Exercise directions —
Only the lines from the one containing "Upset woman holding" through the last line of the data below belong in your answer, copied exactly and without pictures.

Recorded data —
/---
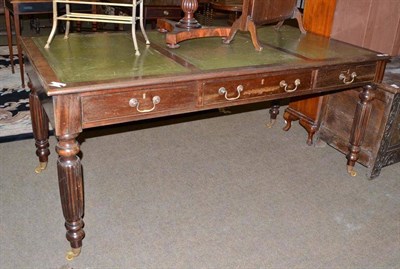 Lot 452 - A 20th century mahogany library table in William IV style with six drawers and leather top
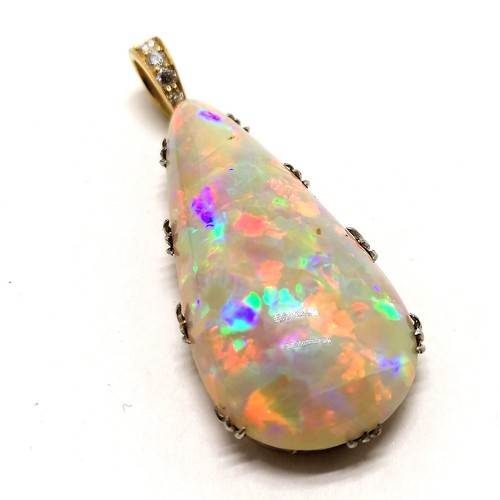 541 - Antique large opal pendant set in unmarked 18ct gold with diamond set bale (4cm drop & 6.4g total we... 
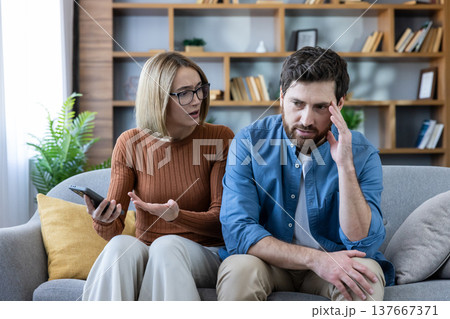 Upset woman holding a smartphone and arguing with frustrated man on sofa, highlighting relationship problems, stress, betrayal, and jealousy in domestic life 137667371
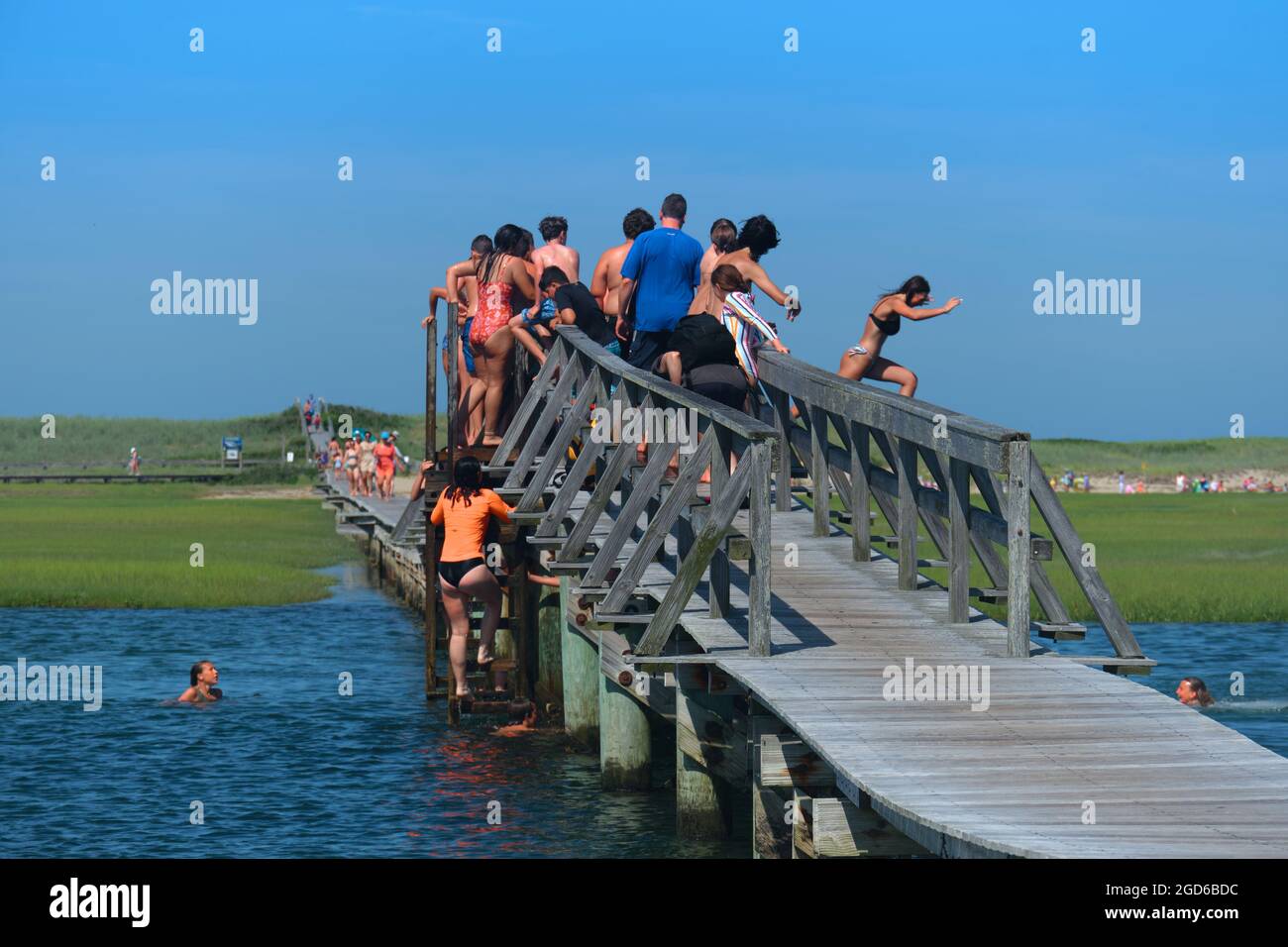 Children jumping of the bridge on Sandwich Boardwalk, Sandwich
\---
Your response —
 Upset woman holding a smartphone and arguing with frustrated man on sofa, highlighting relationship problems, stress, betrayal, and jealousy in domestic life 137667371
 Children jumping of the bridge on Sandwich Boardwalk, Sandwich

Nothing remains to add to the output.